Laurel Hubbard to become first transgender athlete to compete at Olympics

Laurel Hubbard

Laurel Hubbard will make history as the first openly transgender athlete confirmed to compete at an Olympic Games.

A weightlifter from New Zealand, Hubbard will compete in the women’s 87-kilogram category, after qualifying for the Olympics in May.

Hubbard, who won silver at the 2017 women’s weightlifting world championships, has been eligible to compete in the Olympics since 2015, when the International Olympic Committee issued guidelines allowing transgender athletes to compete in women’s categories provided their testosterone levels are below 10 nanomoles per litre for at least 12 months before the first competition.

Hubbard’s inclusion in the Toyko games is set to attract huge media attention, as well as some criticism from fellow athletes.

“I am grateful and humbled by the kindness and support that has been given to me by so many New Zealanders,” Hubbard said in a statement.

“When I broke my arm at the Commonwealth Games three years ago, I was advised that my sporting career had likely reached its end.

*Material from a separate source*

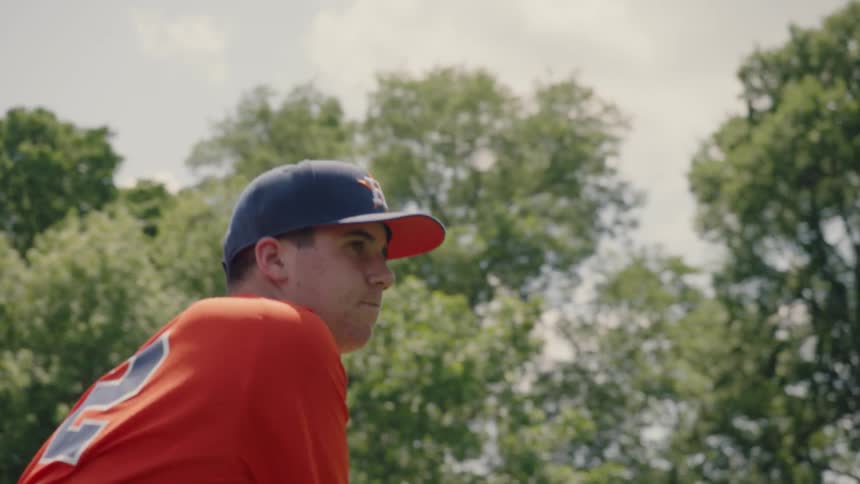 Man throws a baseball on a baseball field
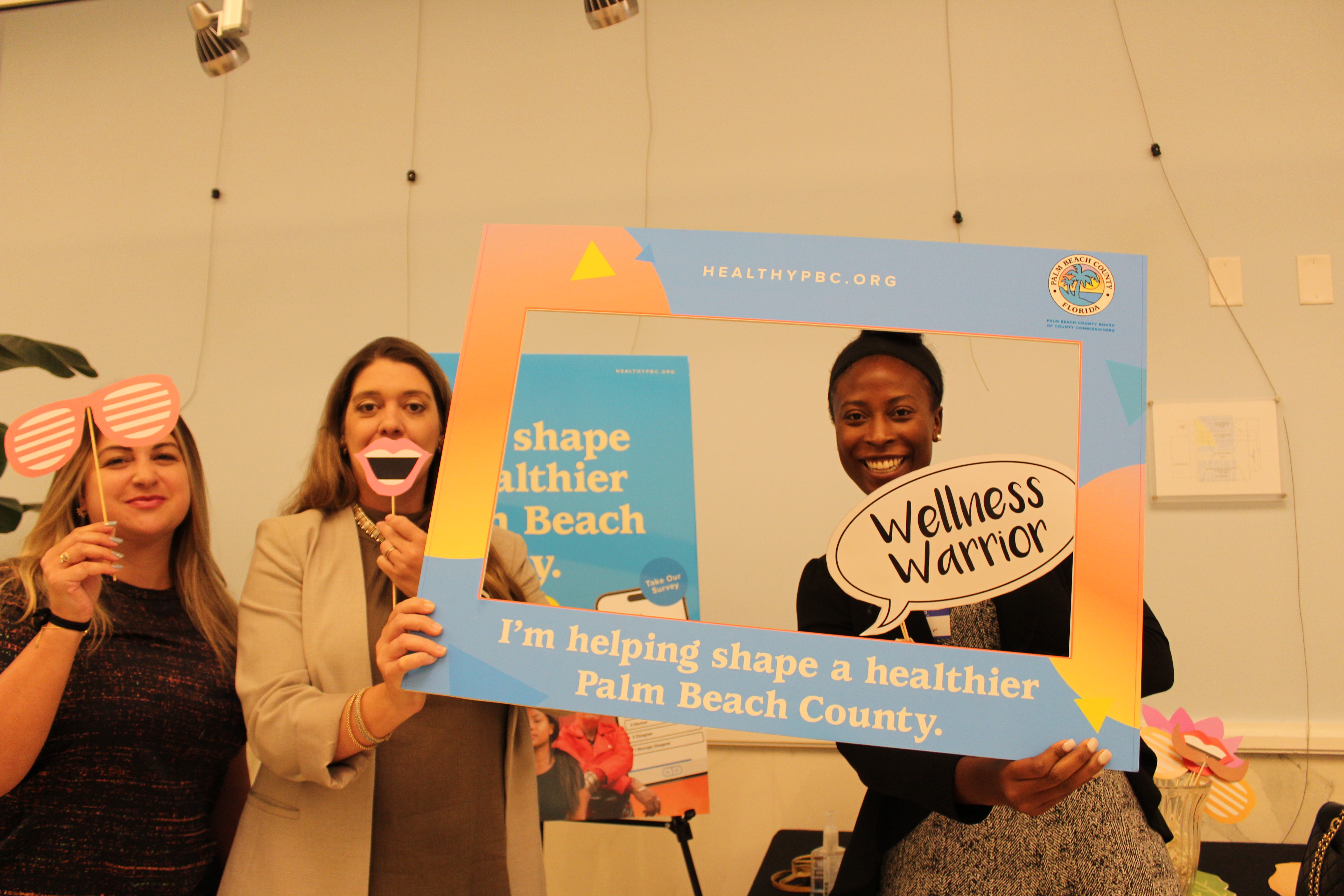 Keynote speaker Jennifer Webb strikes a pose with two event attendees in support of Shaping a Healthier Palm Beach County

But your support, your encouragement, and your aroha carried me through the darkness.”

New Zealand Olympic Committee chief executive, Kereyn Smith, despite the controversy surrounding Hubbard’s qualification for the Olmypics, it was important to find a balance of human rights and fairness.

“As well as being among the world’s best for her event, Laurel has met the IWF eligibility criteria including those based on IOC Consensus Statement guidelines for transgender athletes,” Smith said.

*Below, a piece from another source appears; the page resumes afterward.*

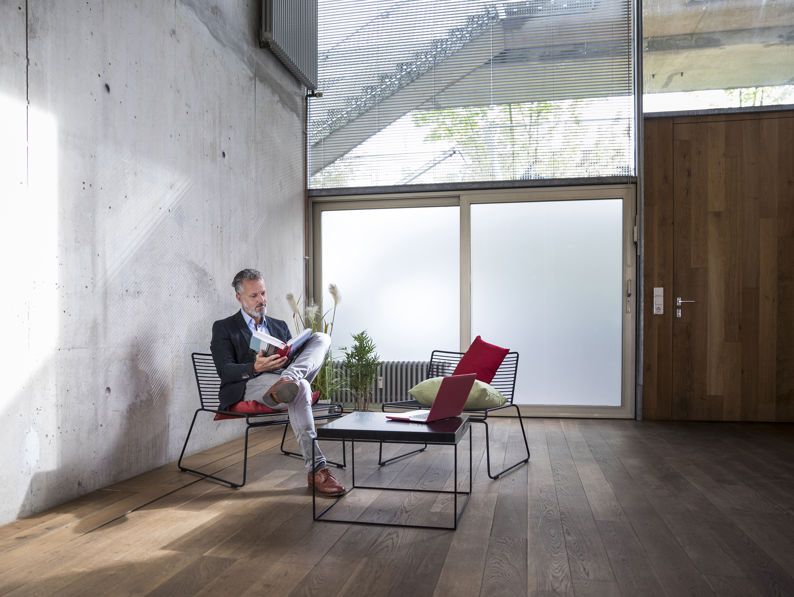 Businessman Sitting In A Loft At Concrete Wall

“We acknowledge that gender identity in sport is a highly sensitive and complex issue requiring a balance between human rights and fairness on the field of play. 
 
“As the New Zealand Team, we have a strong culture of manaaki and inclusion and respect for all.

“We are committed to supporting all eligible New Zealand athletes and ensuring their mental and physical wellbeing, along with their high-performance needs, while preparing for and competing at the Olympic Games are met.”